Landlords Need to Share the Risk That Tenants Bear
by Barry Willis and Earl Kaplan
October 3, 2020
Written in response to : Deedee Jones’ “Owning Rental Property is a Business” published in The Commons on 9/23/2020
Over the past few weeks, we have seen many landlords taking a stance against the Tenants Union of Brattleboro’s (TUB) recent proposal to limit tenant move-in costs to a maximum of two month’s rent (first month plus security deposit). In a housing shortage that’s only getting worse and an environment where over half of Vermonters are rent burdened, this is an important and simple step toward making housing accessible and affordable for all people in Brattleboro.
Yet, we continually hear confusion from landlords about why we can’t just get along and why they are perceived as “mustache twirling villains”.

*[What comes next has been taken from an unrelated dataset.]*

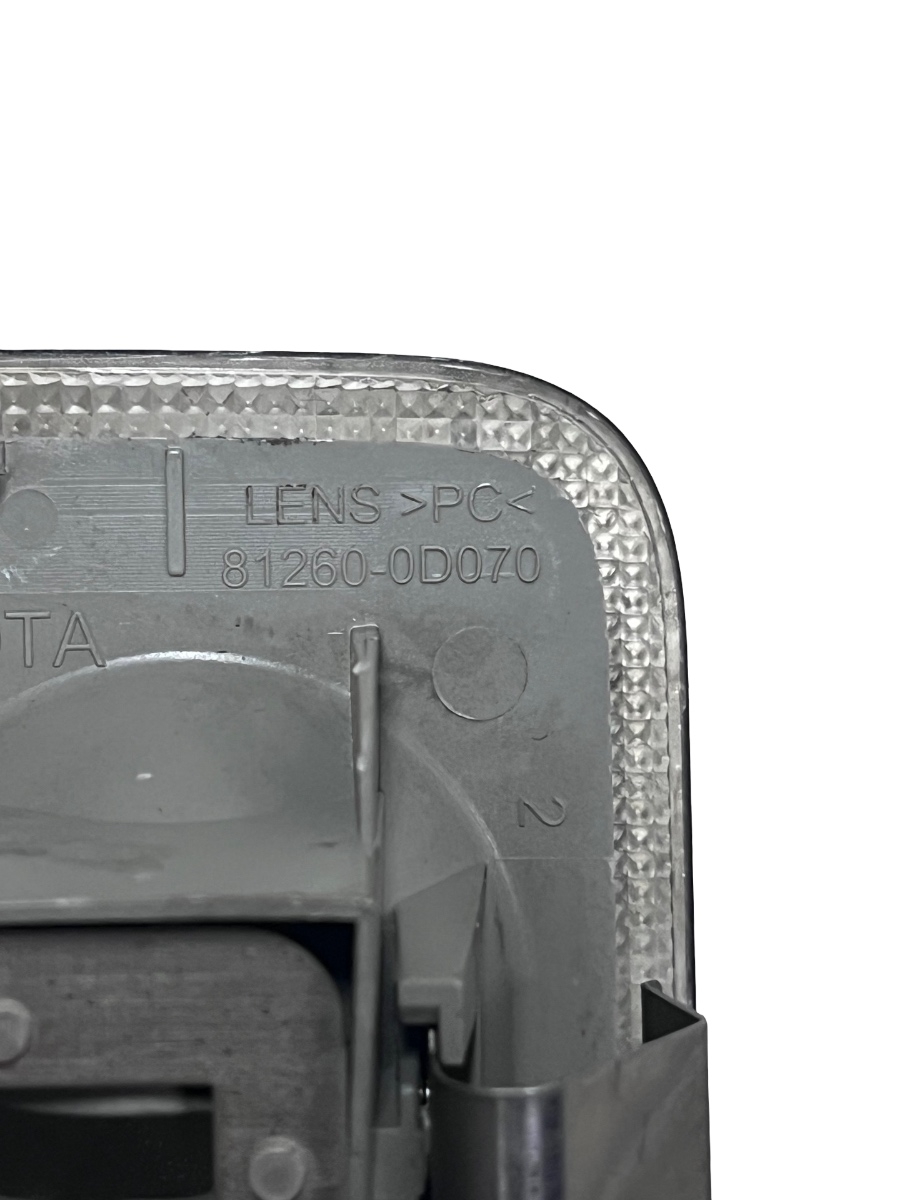 Plafoniera TOYOTA YARIS _P13_ 2012 - > 812600D070 – foto 3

In local landlord Deedee Jones’ recent opinion piece, she states that “In this culture of divisiveness, it is unfortunate that landlords and tenants need to be on opposing sides.” She also says “If a potential renter feels the price is too high for a given apartment, they will look elsewhere.” But where are we supposed to look? There are very few local listings, and even fewer in the price range of a minimum wage worker, and whenever anything does pop up it already has 10 applicants within the first day. Deedee also thinks that the select board should “want to attract new people to town who are going to work, pay taxes, and spend money here”. We, the low-wage workers of your community, already do these things. It feels like what she is really suggesting is that we go “elsewhere” to make room for people who can afford higher rent.
It should be obvious why we are on opposing sides.
Deedee, along with other landlords, has asked, “does the Selectboard or any other elected body have the right to determine what landlords charge?”
This is a fair question. According to 9 V.S.A. § 4461 (g), yes, “a town or municipality may adopt an ordinance governing security deposits on dwellings.” It is even commonplace. Burlington, VT as well as the entire states of New Hampshire, New York, and Rhode Island already have similar legislation.
We do not operate in a “free market”. Regulations are an important part of what makes our economy work. They are the reason that our rivers and lakes aren’t full of industrial pollutants. They are the reason that we have a minimum wage in this country. Workplace safety, antitrust protections, and the 40-hour week are all important regulations that people organized around and fought for. They didn’t accept the status-quo, and we don’t have to either. Here in Vermont, we strive to set a higher bar.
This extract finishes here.